The maker of the iPad outearned the developer of Kindle Fire by more than 100 times in the recent quarter, giving it a big leg up in the looming competition, writes Moneyshow.com senior editor Igor Greenwald.

There are two ways to look at the disappointing results Amazon.com (AMZN) posted last night, and the ensuing plunge in its stock.

The good news is that no one owns Amazon for its shrinking bottom line, given that the stock sells for 100 times trailing earnings. Amazon investors are there for one thing: breakneck growth sufficient to fuel capital gains, and Amazon continued to show sharply higher revenue, posting a 44% increase.

Income suffered because Amazon continued to invest in its aggressive expansion at home and abroad, and in its loss-making new Kindle Fire tablets.

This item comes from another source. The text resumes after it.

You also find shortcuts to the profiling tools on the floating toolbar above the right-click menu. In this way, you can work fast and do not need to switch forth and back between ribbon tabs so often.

But this is no Netflix (NFLX) tale about a company without much pricing power getting squeezed by powerful suppliers. Rather, Amazon is foregoing present profits to protect its dominant role in the publishing market, where it retains all its leverage.

For a company with Amazon’s long-term focus, an earnings miss is far less damaging than a revenue shortfall. And indeed, the stock has already recovered some from the depths hit in after-hours.

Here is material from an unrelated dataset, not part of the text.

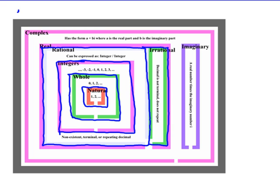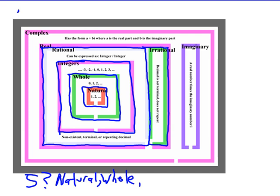Let's look at what type of number five is. Is five a natural number? Yes. Is five also a whole number? Yes. Is five an integer? Yes. You have to understand how the Venn diagram works — it's nested inside all of these. Is five a rational number? Yes, because five can be expressed as five over one.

The less charitable spin is that the losses suffered on the Kindle Fire are only the first injury Amazon will suffer as Apple (AAPL) encroaches on its distribution empire. The Kindle Fire will be a best-seller to be sure, but the iPad has had quite a head start, and is due for a 2012 update that could douse the Fire’s appeal quickly.

Apple’s line of smart TVs, also due to launch next year, could seal its dominance of the living room. Insofar as Amazon looks at the Kindle as a way to distribute its content, it will need to reckon with the dominant consumer hardware creator with its own designs on that business.

This is not a fair competition, and not just because Apple’s technical breadth and depth makes Amazon look like, well, a retailer. There’s also the matter of pricing power.

Amazon earned $63 million in the latest quarter, versus $6.62 billion for Apple. That’s right: Apple earned more than 100 times more than Amazon. Amazon does have $6.3 billion in cash and marketable securities; Apple makes do with $81 billion.

When it comes to most effectively levering financial might and technological edge into hardware sales, who do you think will have the upper hand?

Curiously, Amazon is valued like a hothouse tech IPO, despite what any future downturn in demand will do to the cost of all those new brick-and-mortar warehouses and server farms. Meanwhile, Apple, which is profiting like Amazon can only dream of and enjoys margins that will cushion it in anything short of Armageddon, is valued like a clunky industrial concern.

I’m as mystified by this disparity as I was three months ago. Presumably, the market feels that Amazon’s distribution network is a bigger competitive advantage than Apple’s creative edge. But in light of last night, I wouldn’t take that to the bank just yet.